Hadoop becomes a preferred solution for many institutions because of its linear scalability, affordability, versatility and strong community support.
Big data implementation in Indonesia is still not as fast as expected. This could be attributed to some factors, such as:
Special Skills Needed
Although Hadoop has a very complete supporting ecosystems, to implement a Hadoop-based system that fits the needs required relatively deep expertise in terms of installation, configuration and monitoring of each of these components.
Professional Support Relatively Expensive and Limited
The absence of local support for Hadoop implementations often result in less cost effective solutions, especially for the enterprise level. Since professional support must be obtained from overseas provider. The support provided is often limited, such as by email or call, due to time and distance constraints.
To answer the above problems, SOLUSI247 as one of the leading Big Data implementor in Indonesia launched a Hadoop distribution package or distro named Yava Hadoop. These distribution is developed by local experts, and will be supported by idBigData, the big data community in Indonesia.
Data Store and Resource Manager
Reliability and linear scalability of HDFS provides storage for data with a variety of formats. Providing a broad selection of solutions based on the needs and available resources by supporting both commodity servers and high-level servers. YARN cluster management system enables various processes running on top of HDFS.
With the support from YARN cluster management, Yava provides a wide range of data access and processing capabilities: batch, streaming, interactive and real time in a single cluster.
MapReduce for batch processing, Phoenix, Hive and Tez for SQL based processing, scripting with Pig, HBase for NoSQL, searching with Solr, streaming with Storm, Spark for in memory process, and Mahout for data mining and machine learning. Yarn resource manager allows a cluster to fulfill different processing needs, avoiding costly and inconvenient redundancy of data.
Apache Sqoop allows effective data transfer between Hadoop and structured data sources such as Teradata, Netezza, Oracle, MySQL, Postgres and HSQLDB.
Apache Flume is used for streaming large amounts of data into HDFS, for example, logs from the production machine or network. Flume provides simple and flexible architecture, with reliable failover and recovery mechanisms.
Apache Ambari is a framework for provisioning, managing and monitoring Apache Hadoop cluster. Ambari provides a simple and elegant user interface. It can be integrated with existing operational tools, such as Microsoft System Center and Teradata Viewpoint.
Apache Zookeeper™ provides a distributed configuration, synchronization, and naming registry for distributed systems. Zookeeper is used to store and manage critical changes in configurations.
Apache Oozie provides the tools for workflow scheduling to manage jobs in Enterprise Hadoop.

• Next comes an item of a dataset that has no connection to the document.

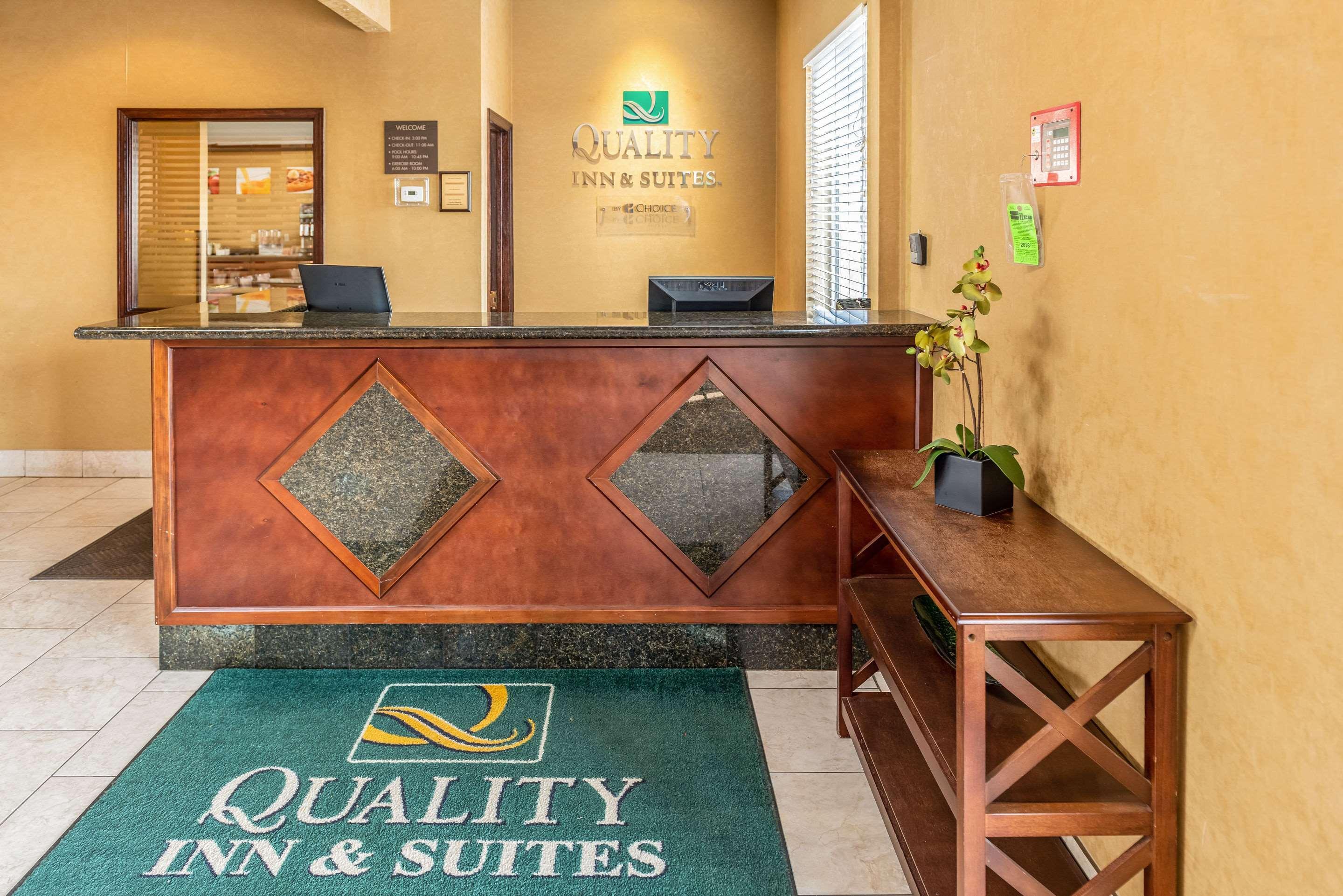 Quality Inn & Suites Seville Kültér fotó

HGrid247 is a comprehensive ETL process designer. Hgrid247 ease of use and intuitive drag-and-drop interface simplify and reduce time and complexity of data integration. By eliminating Java or other programming for MapReduce, Spark, Storm and Tez jobs and scripts, HGrid247 empowers developers and designers to develop big data jobs using visual tools. This will speed up the work and increase team productivity, because ETL developers and designers can focus on the design of the process.